長野市の池沼や溜池の水に溶存する化学成分の濃度を図4-57に示す。
電導度は、松代町の大日池や信更町の涌池が高く、ついで若槻地区の湯ノ入池、松代町の金井池が高い。これらの池の水に溶存する電荷をもったNa+、Ca2+、Mg2+、SO42-、Cl-、HCO3-などの化学成分の濃度が一般に高い。電導度の低いのは飯綱高原や小田切地区、芋井地区の池沼や溜池であり、信更町の溜池も比較的低く、化学成分の濃度がいずれも低い。
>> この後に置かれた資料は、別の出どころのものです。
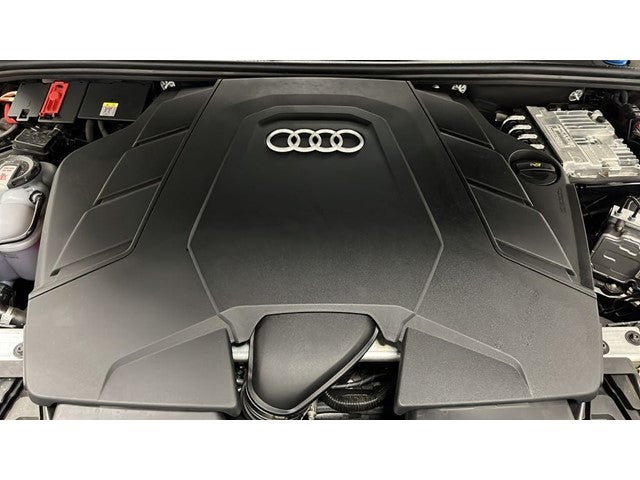 2025 Audi Q7 55 Premium Plus quattro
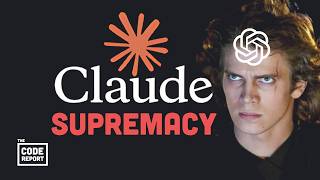 Thumbnail for Claude has taken control of my computer... | Fireship
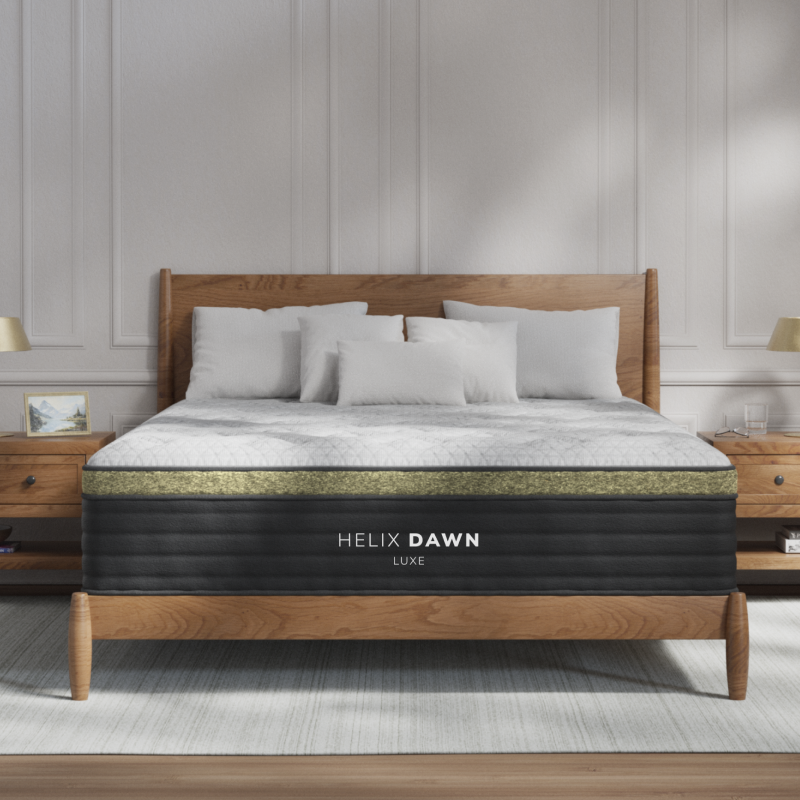 Helix Dawn Luxe - Includes GlacioTex™ Cooling Cover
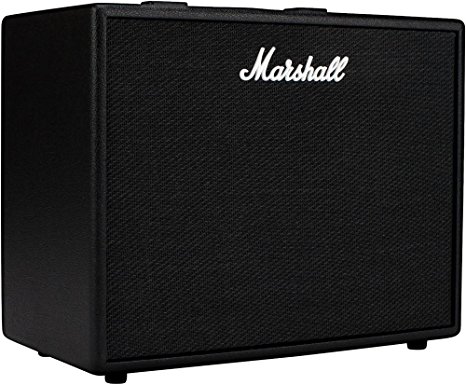 Marshall Code 50 - 50-watt 1x12" Digital Combo Amp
Na+は湯ノ入池や大日池、金井池が高く、Ca2+は大日池や金井池、湯ノ入池、涌池が高い。Mg2+は涌池と大日池が高い。
SO42-は、涌池が高い。Cl-は、大日池、湯ノ入池や金井池が高い。HCO3-は、湯ノ入池や金井池、大池、大座法師池、田子池が高い。
裾花ダム湖の水質組成は、ほかの池沼や溜池の水とは異なり、金井池の水質組成と類似している。信更町の涌池と若槻地区の湯ノ入池は、地質的因子の影響を受けている。いっぽう、大座法師池や田子池、金井池は人為的な影響をかなり受けていると思われる。